Le jardin des partouses

Le Jardin de Bagatelle est l'un des plus beaux jardins de Paris. Il n'est pas rare d'y voir des mariés s'y faire prendre en photo. Pourtant, ce jardin cache un secret plutôt coquin...

L'histoire officielle du jardin débuta en 1775. Le comte d'Artois (futur Charles X) tomba amoureux de cette folie à l'abandon. Marie-Antoinette, sa belle-sœur, lui fit le pari de restaurer les lieux le temps qu'elle parte en voyage. Soit deux mois.

François-Joseph Bélanger se chargea des travaux du bâtiment. Thomas Blaikie, lui, créa un jardin très vaguement inspiré des jardins de Hangzhou. D'où les Chinoiseries, ces curieuses pagodes.

Entre la révolution, l'empire et la restauration, le château de Bagatelle est laissé à l'abandon. Richard Seymour-Conway, un Anglais francophile racheta le château, ainsi que des domaines adjacents. 

En 1870, son héritier (et fils biologique ?), Richard Wallace poursuivit son œuvre. L'essentiel du château fut rasé, pour laisser davantage de place aux jardins. C'était le temps des "tableaux", où à coup de mare artificielle et de monticules (belvédère, cascade...), on créait des vues.

"Seery", l’exécuteur testamentaire de Wallace, revendit le mobilier et les statues. En 1905, la mairie de Paris mit la main sur le jardin, alors qu'il tentait de le vendre à la découpe. C'est le jardin de Bagatelle, tel qu'on le connait aujourd'hui, avec son agencement un peu désuet, voire kitsch. Au moins, la maire de Paris et ses "experts en végétaux" se sont abstenus jusqu'ici d'y toucher.

Mais pourquoi "Bagatelle" ?

Victor, duc d'Estrées, entra dans l'armée à 16 ans, en 1676. Il fut de toutes les guerres, cumulant les honneurs, jusqu'à devenir Maréchal de France, en 1703. Entre temps, en 1698, à 38 ans, il épousa Lucie de Noailles (âgée alors de 15 ans !) Ils n'ont pas d'enfants et Victor Marie fut le dernier duc d'Estrées. Sa reconversion comme ministre de Louis XV fut un flop. Par contre, il investit dans le Système de Law, une proto-obligation, qui le rendit richissime.

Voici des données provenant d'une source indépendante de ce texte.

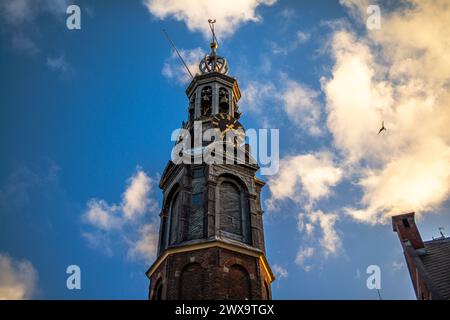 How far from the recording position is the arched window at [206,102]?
34469 mm

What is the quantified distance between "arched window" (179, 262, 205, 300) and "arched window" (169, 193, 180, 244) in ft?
8.64

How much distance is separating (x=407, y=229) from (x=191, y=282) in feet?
42.7

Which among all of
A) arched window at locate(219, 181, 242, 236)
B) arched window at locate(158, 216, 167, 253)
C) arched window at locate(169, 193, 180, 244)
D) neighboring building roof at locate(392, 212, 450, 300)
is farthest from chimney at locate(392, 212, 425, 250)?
arched window at locate(158, 216, 167, 253)

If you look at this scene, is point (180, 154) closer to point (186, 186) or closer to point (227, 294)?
point (186, 186)

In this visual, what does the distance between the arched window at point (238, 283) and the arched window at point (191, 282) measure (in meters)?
1.27

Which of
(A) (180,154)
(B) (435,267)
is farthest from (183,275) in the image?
(B) (435,267)

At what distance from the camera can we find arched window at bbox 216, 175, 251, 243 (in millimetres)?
25078

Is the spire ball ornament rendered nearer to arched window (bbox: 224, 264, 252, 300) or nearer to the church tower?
the church tower

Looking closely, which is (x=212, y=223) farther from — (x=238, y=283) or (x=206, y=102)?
(x=206, y=102)

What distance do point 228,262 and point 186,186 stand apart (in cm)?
581

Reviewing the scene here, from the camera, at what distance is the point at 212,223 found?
2436 centimetres

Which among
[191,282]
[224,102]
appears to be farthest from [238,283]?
[224,102] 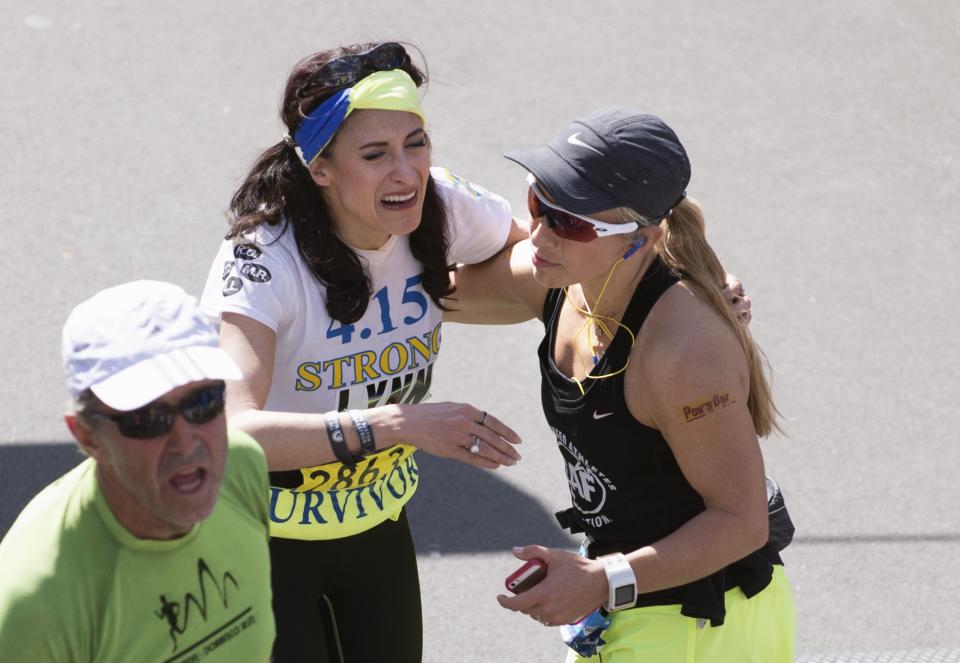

En 1720, le duc d'Estrées racheta un pavillon de chasse (construit en 1716), à l'est de Paris. Il y fit bâtir un château. Sa femme, Lucie de Noailles, y organisait des parties fines avec Louise-Anne de Bourbon-Cordée, alias mademoiselle de Charolais. D'où le nom de "Bagatelle", un euphémisme pour les orgies ! Le tout-Paris libertin se rendait là. L'emplacement, en pleine forêt, était discret. Mademoiselle de Charolais ne portait qu'une robe de moine, afin de pouvoir être nue en quelques secondes...
En 1737, le duc d'Estrées mourut. Lucie de Noailles mourut en 1745. Mademoiselle de Charolais continuait de se rendre à Bagatelle, jusqu'à son décès, en 1758. La rumeur disait qu'elle y allait lorsque l'on voyait qu'elle était enceinte et qu'elle y accouchait discrètement, les fruits de ses liaisons... Elle avait pourtant 50 ans à la mort de Lucie de Noailles...

Etienne Guinot, marquis de Monconseille, était un autre militaire de carrière. A 30 ans, il épousa Cécile de Curzay, âgée de 18 ans. En 1746, le marquis racheta le château de Bagatelle.
Sa femme, proche de Mademoiselle de Charolais, se mit en tête de "poursuivre l’œuvre de Lucie d'Estée". La quarantaine, elle organisa des fêtes, tandis que le vieux marquis prenait sa retraite à Saintonge. Les orgies, accompagnées de fêtes somptueuses finirent par ruiner le couple. Le château passa de mains en mains, de 1770 à 1775, jusqu'au Duc d'Artois.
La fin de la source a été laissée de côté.